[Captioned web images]
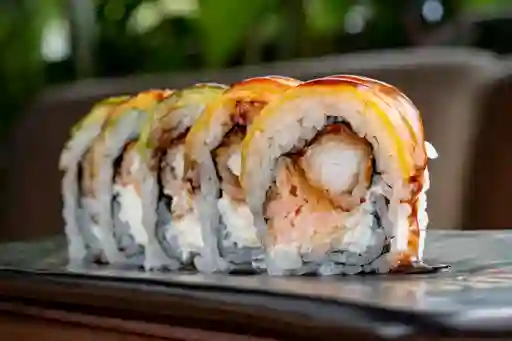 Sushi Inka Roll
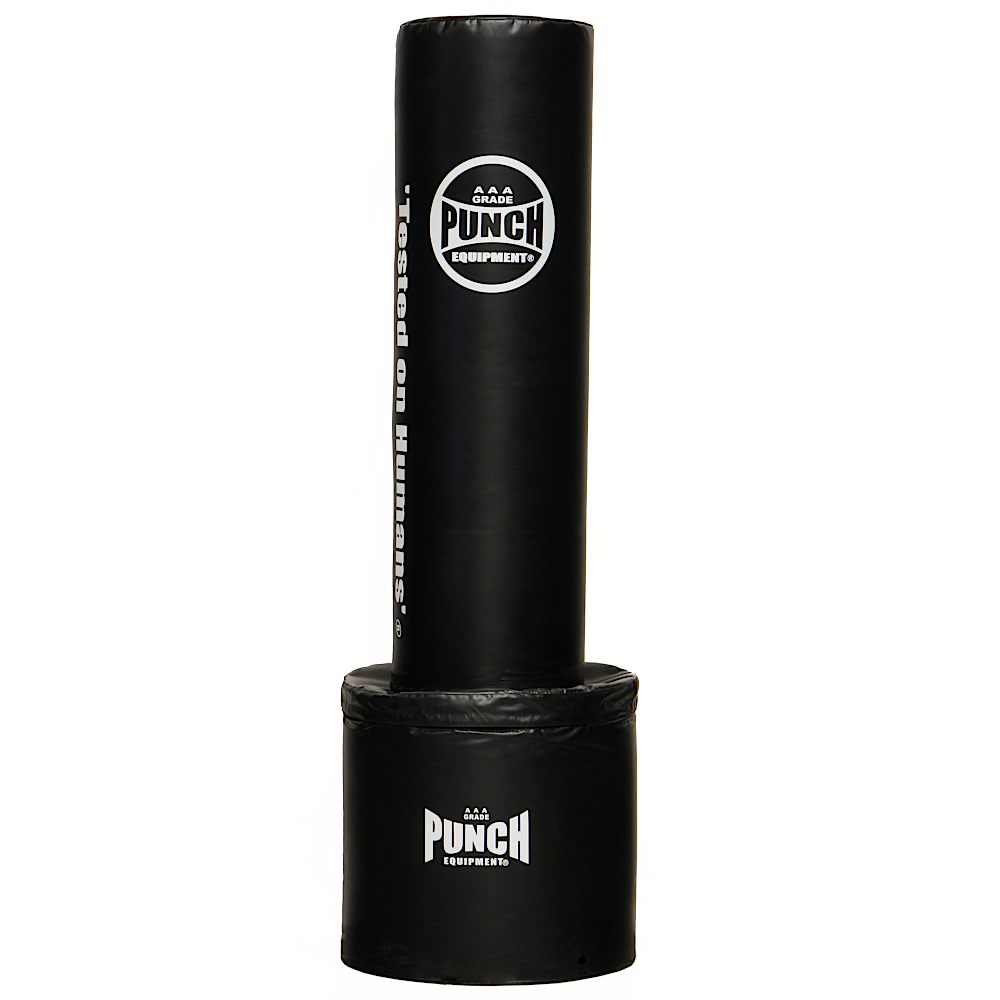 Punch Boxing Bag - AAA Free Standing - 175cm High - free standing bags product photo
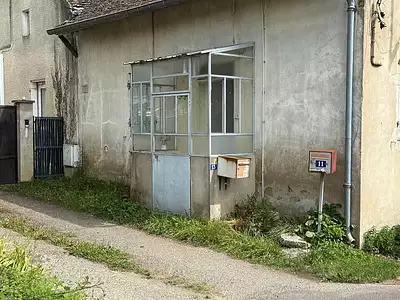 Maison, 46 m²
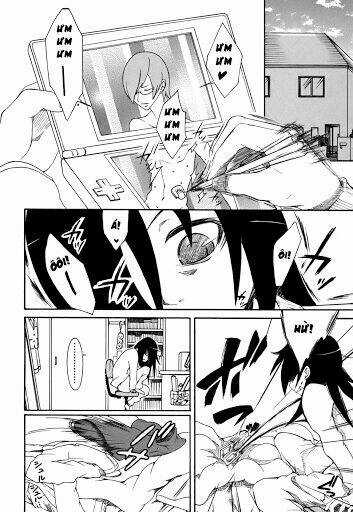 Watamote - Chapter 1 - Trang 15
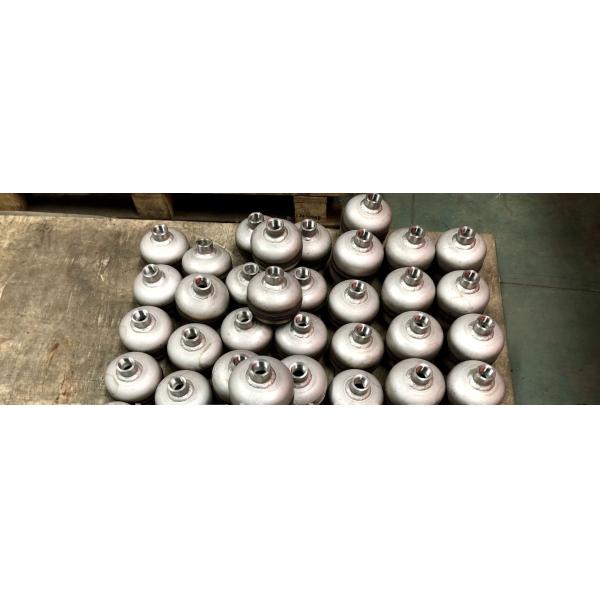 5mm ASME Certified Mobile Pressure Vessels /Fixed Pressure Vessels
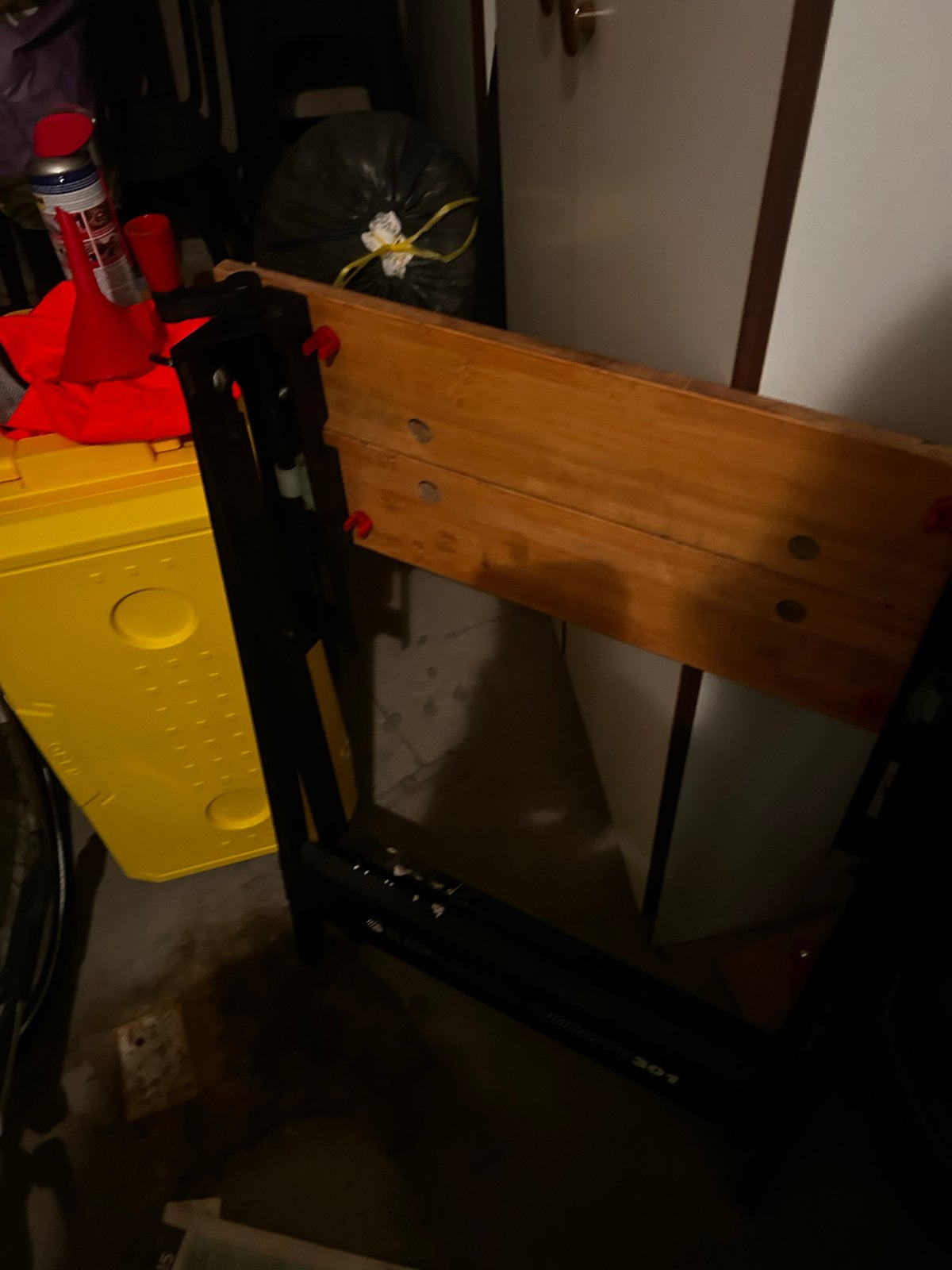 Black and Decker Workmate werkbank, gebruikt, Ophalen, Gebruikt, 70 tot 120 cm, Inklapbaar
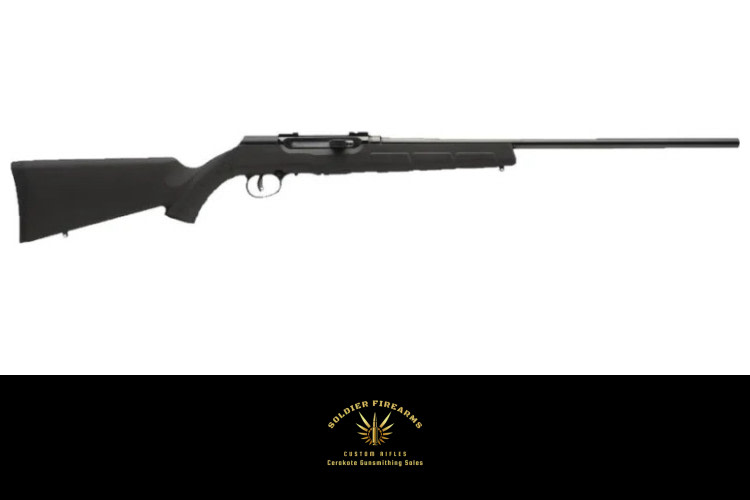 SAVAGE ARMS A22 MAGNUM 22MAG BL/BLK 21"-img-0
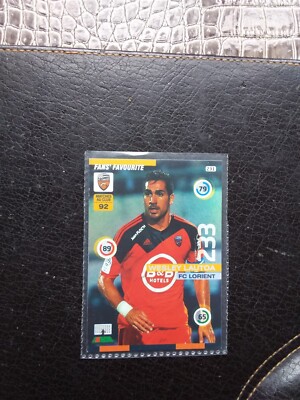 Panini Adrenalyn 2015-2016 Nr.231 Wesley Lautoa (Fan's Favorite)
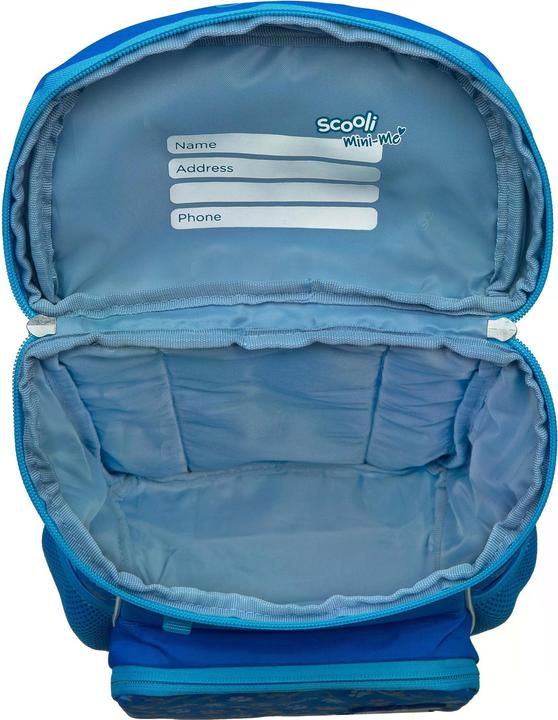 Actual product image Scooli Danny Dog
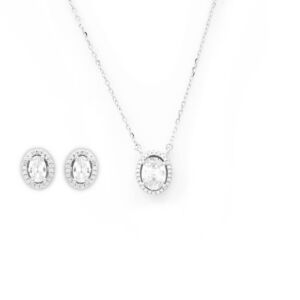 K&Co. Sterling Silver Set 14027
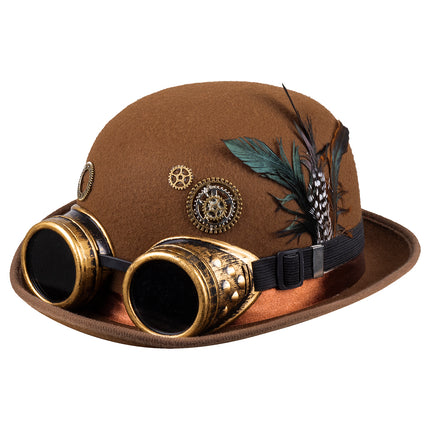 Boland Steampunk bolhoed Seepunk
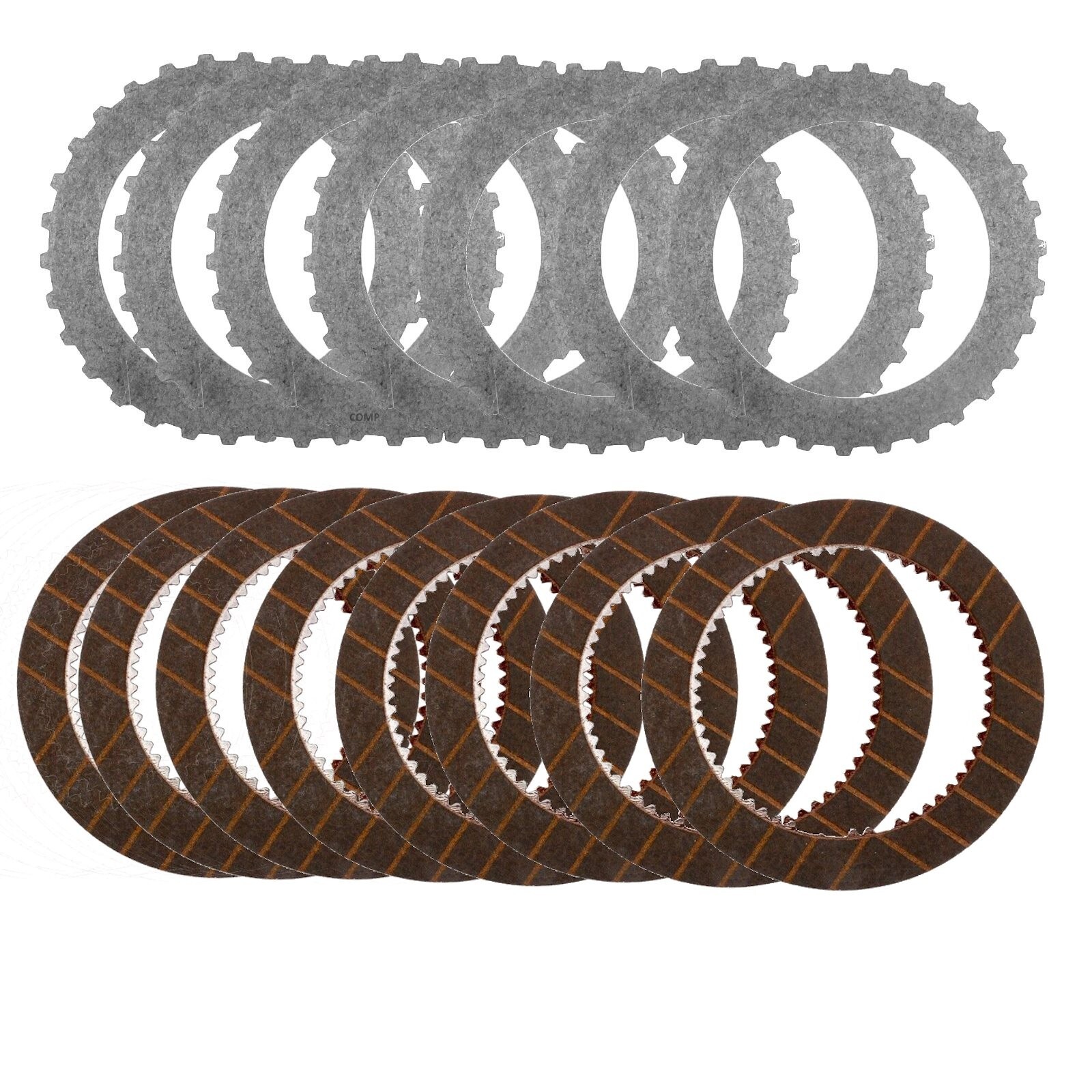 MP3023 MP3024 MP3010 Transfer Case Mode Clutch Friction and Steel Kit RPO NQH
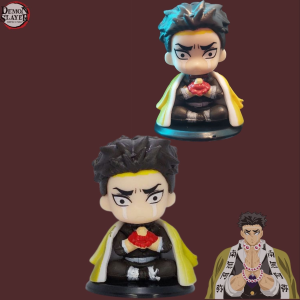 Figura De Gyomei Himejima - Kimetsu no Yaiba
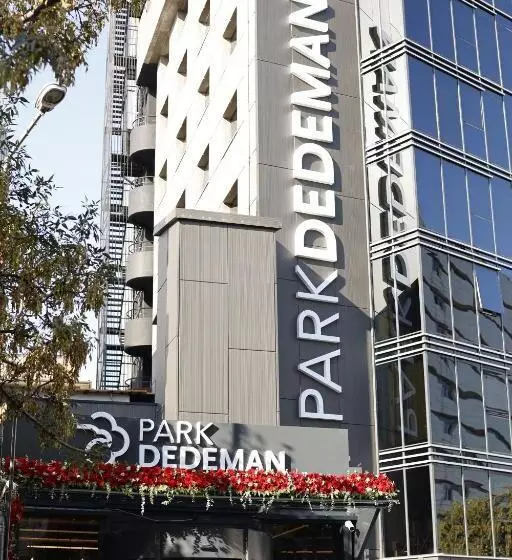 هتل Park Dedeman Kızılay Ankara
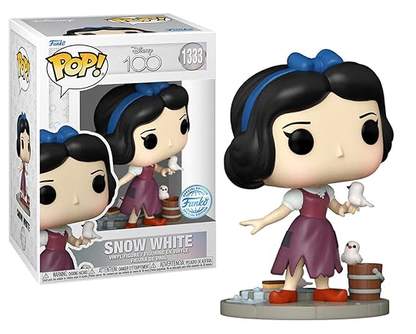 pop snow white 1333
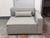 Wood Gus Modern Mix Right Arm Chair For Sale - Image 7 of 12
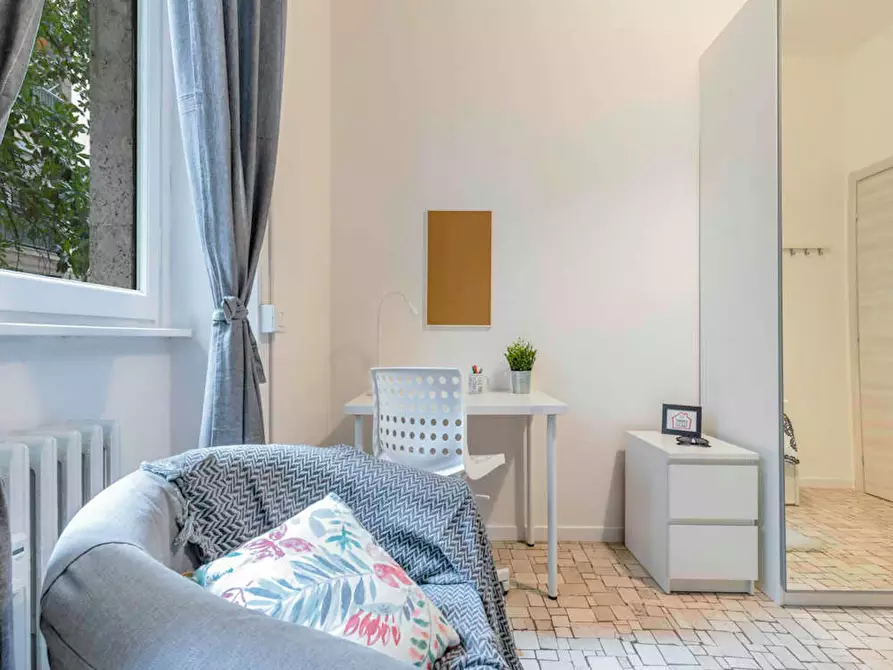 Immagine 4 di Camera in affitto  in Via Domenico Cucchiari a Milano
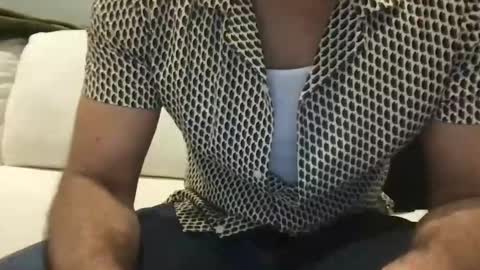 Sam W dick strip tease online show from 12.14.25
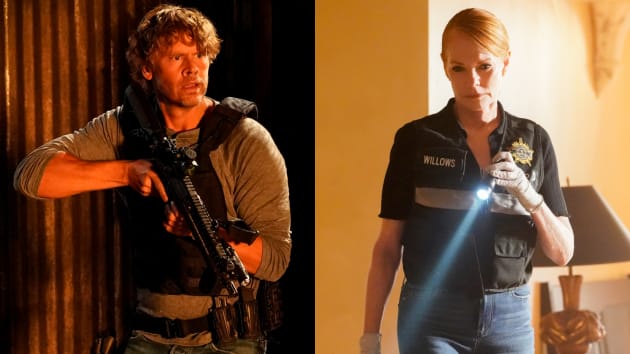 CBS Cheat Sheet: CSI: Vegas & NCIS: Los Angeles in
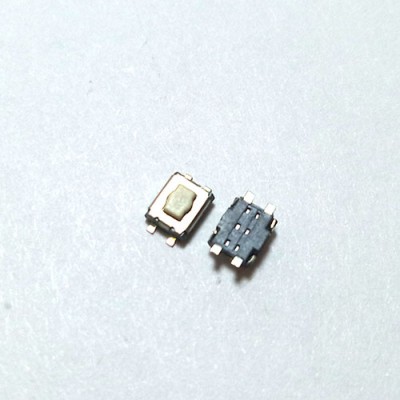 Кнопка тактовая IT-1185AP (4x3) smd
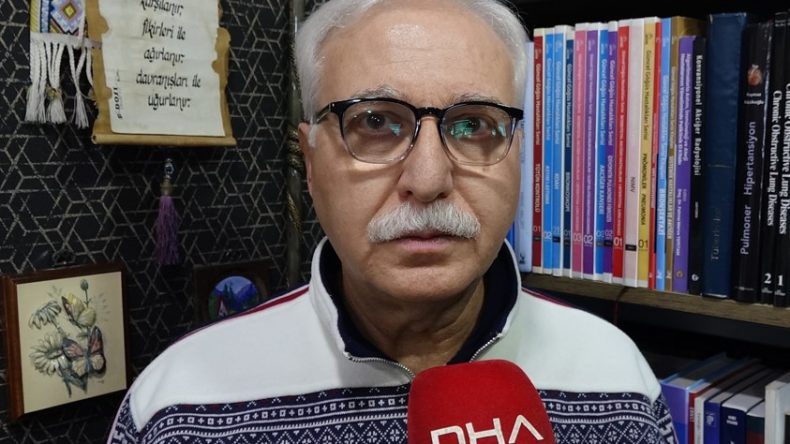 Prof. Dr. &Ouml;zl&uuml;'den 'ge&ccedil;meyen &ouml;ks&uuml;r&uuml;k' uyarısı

About this task =>
Omit the pictures and print again exactly the lines from the one with "Boland Steampunk bolhoed Seepunk" through the final line of the entries, both ends included.

Response to the exercise =>
 Boland Steampunk bolhoed Seepunk
 MP3023 MP3024 MP3010 Transfer Case Mode Clutch Friction and Steel Kit RPO NQH
 Figura De Gyomei Himejima - Kimetsu no Yaiba
 هتل Park Dedeman Kızılay Ankara
 pop snow white 1333
 Wood Gus Modern Mix Right Arm Chair For Sale - Image 7 of 12
 Immagine 4 di Camera in affitto  in Via Domenico Cucchiari a Milano
 Sam W dick strip tease online show from 12.14.25
 CBS Cheat Sheet: CSI: Vegas & NCIS: Los Angeles in
 Кнопка тактовая IT-1185AP (4x3) smd
 Prof. Dr. &Ouml;zl&uuml;'den 'ge&ccedil;meyen &ouml;ks&uuml;r&uuml;k' uyarısı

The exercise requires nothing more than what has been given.